> _What needs to be done_
Write out the opening lines of the data word for word, up to and including the line with "Дава се под", and leave every picture and every later line out.

> _Input data_
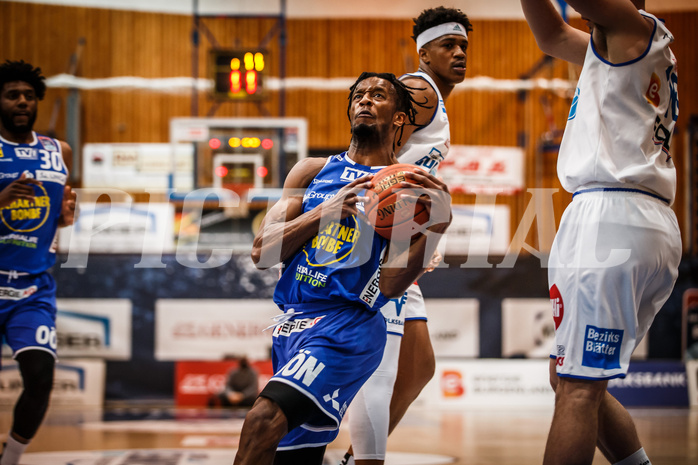Basketball, bet-at-home Basketball Superliga 2021/22, Platzierungsrunde Spiel 1, Oberwart Gunners, Gmunden Swans, Cederic Anders (2)
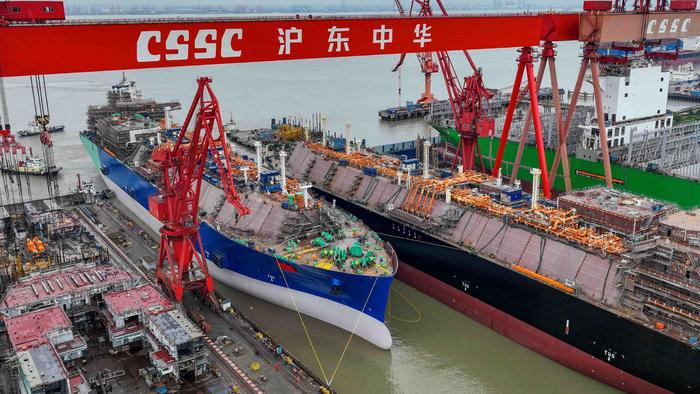 四船并建提速、“双龙”同日出坞，沪东中华LNG船建造工艺工法创新攻关取得新成果
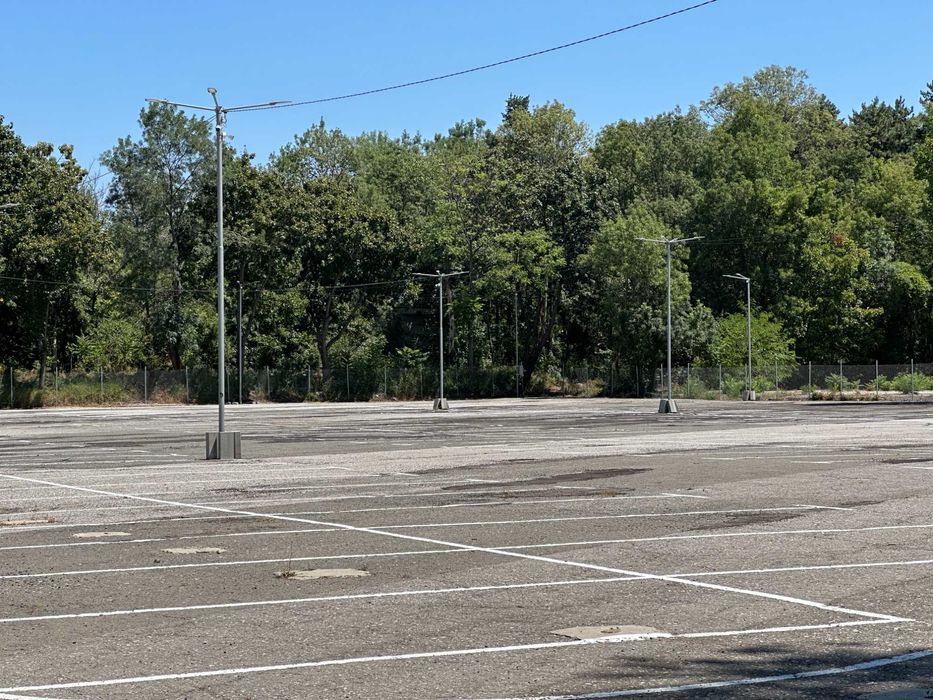 Дава се под наем Гараж / Паркомясто в София, Западен парк - 7000 кв.м за 35.7 € - Снимка #6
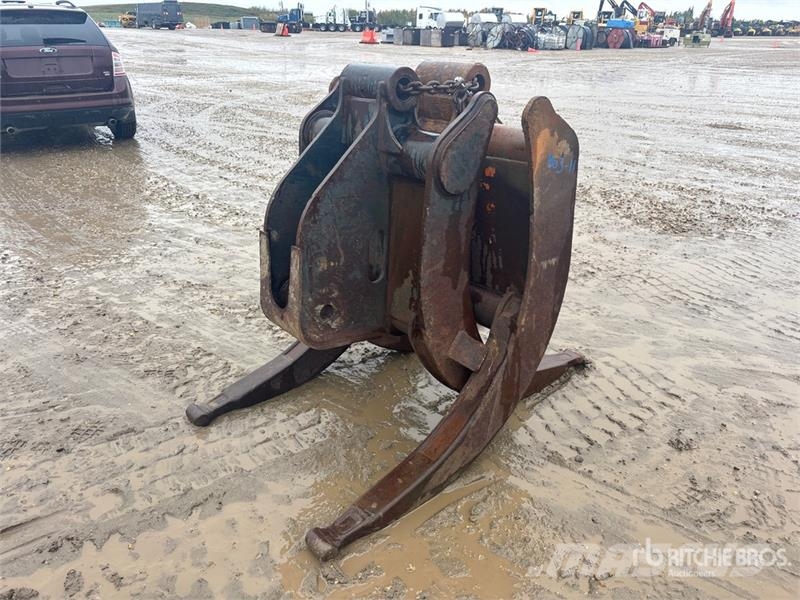Madill Tongs Log Grapple Grapples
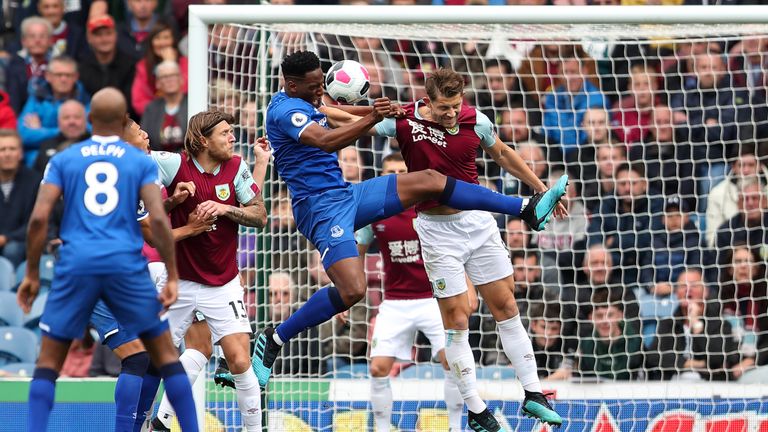  Yerry Mina of Everton battles with James Tarkowski of Burnley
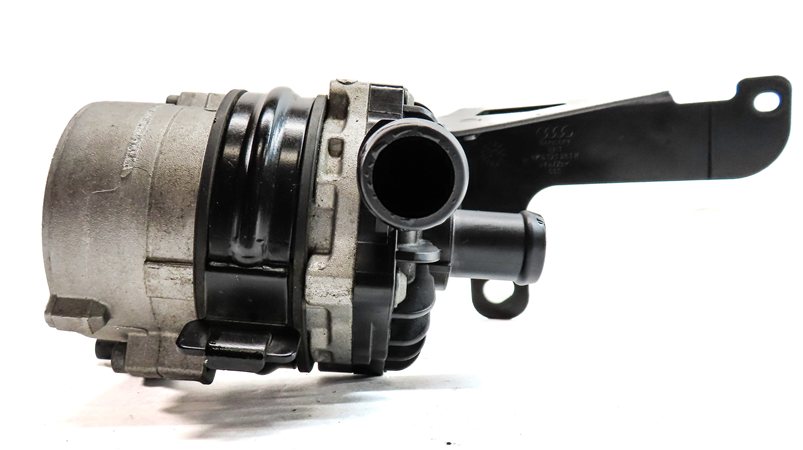 Thumbnail 5: 13 AUDI S5 CONVERTIBLE (B8 8T) 3.0L (CGXC) ELECTRIC AUXILIARY WATER COOLANT PUMP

> _Written response_
Basketball, bet-at-home Basketball Superliga 2021/22, Platzierungsrunde Spiel 1, Oberwart Gunners, Gmunden Swans, Cederic Anders (2)
 四船并建提速、“双龙”同日出坞，沪东中华LNG船建造工艺工法创新攻关取得新成果
 Дава се под наем Гараж / Паркомясто в София, Западен парк - 7000 кв.м за 35.7 € - Снимка #6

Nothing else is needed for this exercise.